C’est alors que…le petit cireur de chaussures de la porte de Canastel …vous savez bien !...celui dont j’ai déjà eu l’occasion de parler dans une anecdote précédente…eut une idée géniale !
« - il faut…dit-il, demander au planton de la Préfecture d’actionner la sirène de l’alerte pour incendie…et, tu verras…je suis sur que dans 10 minutes, les Pompiers seront là avec la grande échelle !… ».

… il avait raison !
Une fois l’alerte donnée, on ne tarda pas à entendre retentir les premiers « Pin..Pon..Pin..Pon… » qui descendaient par la rue Philippe.

Un renfort de policiers était venu sur place !... prêter main forte, car la circulation commençait à être sérieusement perturbée.

La rumeur circulait qu’un palmier de la place risquait de tomber à tout moment, suite à un choc violent qu’il venait de subir de la part d’un gros rapace qui se trouvait encore prisonnier dans l’arbre !!!

Quelle histoire !...on se serait cru à Marseille…mais avec l’accent en moins !

Enfin, « le Camion Amiral de la flotte des Sapeurs Pompiers d’Oran!» arriva, avec la grande échelle.

Pour tous les enfants du quartier ,c’était un peu Noël avant l’heure ; beaucoup parmi les plus petits ,avaient en effet,commander des camions et des panoplies de pompier ,au Père Noël.

De mémoire d’anciens, personne ne se souvenait d’avoir vu un jour, un aussi beau matériel !

Une fois la grande échelle déployée, deux sapeurs en gravirent les marches très rapidement et, arrivés tout prés du sommet de l’arbre, ils lancèrent sur la dinde une sorte de petit filet circulaire qui l’enveloppa et l’immobilisa définitivement.

La dinde ainsi capturée, il ne nous resta plus alors qu’à la préparer, pour la fameuse nuit de Noël…en priant Dieu …qu’elle n’ait point perdu ,après toutes ces épreuves et autres émotions,la finesse et la tendresse de sa chair.

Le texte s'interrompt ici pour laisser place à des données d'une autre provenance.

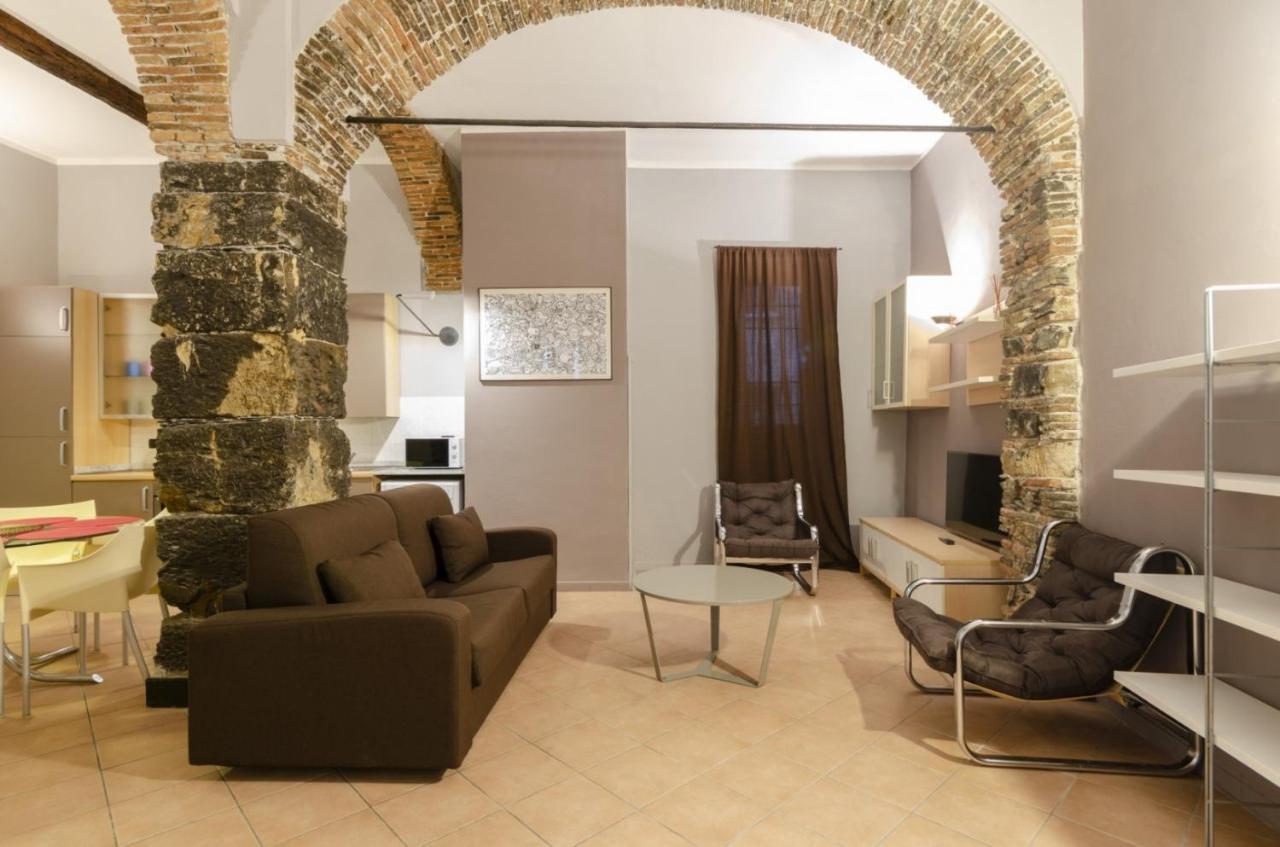 Joivy Warm Family Flat For 9, Near Porto Antico Apartment Genoa Exterior photo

Alors…chers amis…même si, à ce moment précis de l’histoire, vous n’êtes plus obligés de croire au père Noël ! il faut quand même que je vous dise que, après la messe de Minuit célébrée au Patronage de la rue de l’Arsenal, toute notre petite famille se trouva réunie autour d’une belle table où de multiples bougies brillaient jusque dans nos yeux.

Enfin, lorsque ma Mère arriva de la cuisine, portant sur son plus beau plat de Fête, la fameuse dinde aux marrons qu’elle avait préparée si délicatement, chacun comprit que quelque chose de mystérieux venait sans doute, de se produire.

En effet, pendant que nous étions partis à la Messe de Minuit, « la dinde aux marrons » s’était, par une mystérieuse alchimie, transformée en « une dinde aux cœurs de palmier et aux dattes confites ! »

Etait-ce là, les doux fruits de ces trois palmiers de la jolie petite place Kléber de la Marine ?

Difficile de le savoir mais, quoiqu’il en fût… je crois que chacun vit là, un miracle de Noël… et un signe du destin.
René Montaner

Ps : une grande partie de ce texte est rigoureusement « authentique ».